Tek-Tips is the largest IT community on the Internet today!

Members share and learn making Tek-Tips Forums the best source of peer-reviewed technical information on the Internet!

  • Congratulations gkittelson on being selected by the Tek-Tips community for having the most helpful posts in the forums last week. Way to Go!

Crystal Reports XI Labels

Status
Not open for further replies.

lakshhari

IS-IT--Management
Sep 29, 2008
6
US
Hi,

I'm new to Crystal XI and I have a need wherein I am accessing a date field from a table and I want this date to be printed as labels based on the number of copies that the user enters as a parameter. Sometimes they may just need 10 labels and sometimes maybe 2000.

Is there a way to do this using the Mail label wizard. I checked the forums here but couldnt find anything that matched my requirement.

I'd appreciate some tips to do this.

Thanks!
 
I think the only method is to have the detail line repeated several times, suppressing the higher occurences based on the parameter. I've not used the Mail wizard.

[yinyang] Madawc Williams (East Anglia, UK). Using Windows XP & Crystal 10 [yinyang]
 
i tried that and it is cumbersome. I would like to use the Mail label Wizard out of crystal to do this. If anyone has any idea how to do this, please reply.

Thanks!
 
It is not possible with the mail wizard to get X number of labels.

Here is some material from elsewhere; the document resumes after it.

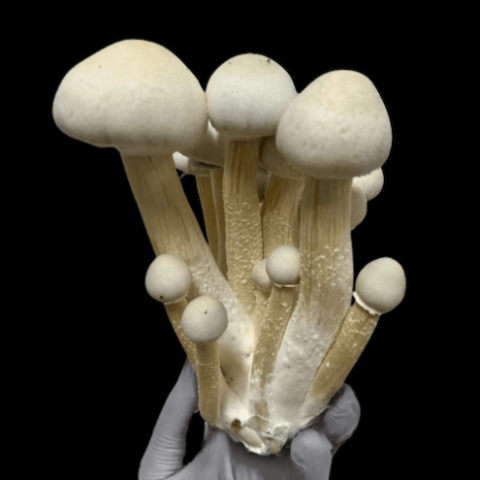 Psilocybe Cubensis - Gepetto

Your report needs to purposely create row inflation as Madawc says, then you conditionally suppress labels based on the recordnumber>{?NoOfLabels}

It is not cumbersome, if you already have the label you can do the rest in 5 minutes.

Software Sales, Training, Implementation and Support for Macola, eSynergy, and Crystal Reports

"What version of URGENT!!! are you using?
 
Thanks Madawc and dgillz.

I'll try that again.
 
There is another solution using a Counter table.
You need a table in your report with a single numberic field with values of 1,2,3,4,.... up to as many as you would ever need.
Put the table in your report, but DONT join it in. Select from that counter table for {Counter.Key} <= {?No of Labels}
That will join to multiple records, create a cartesian join, which normally isn't allowed, but will create the number of labels you need.
I've used the same table in a similar way with a <= join to a record with a lable count field. That will create different numbers of lables for each master record.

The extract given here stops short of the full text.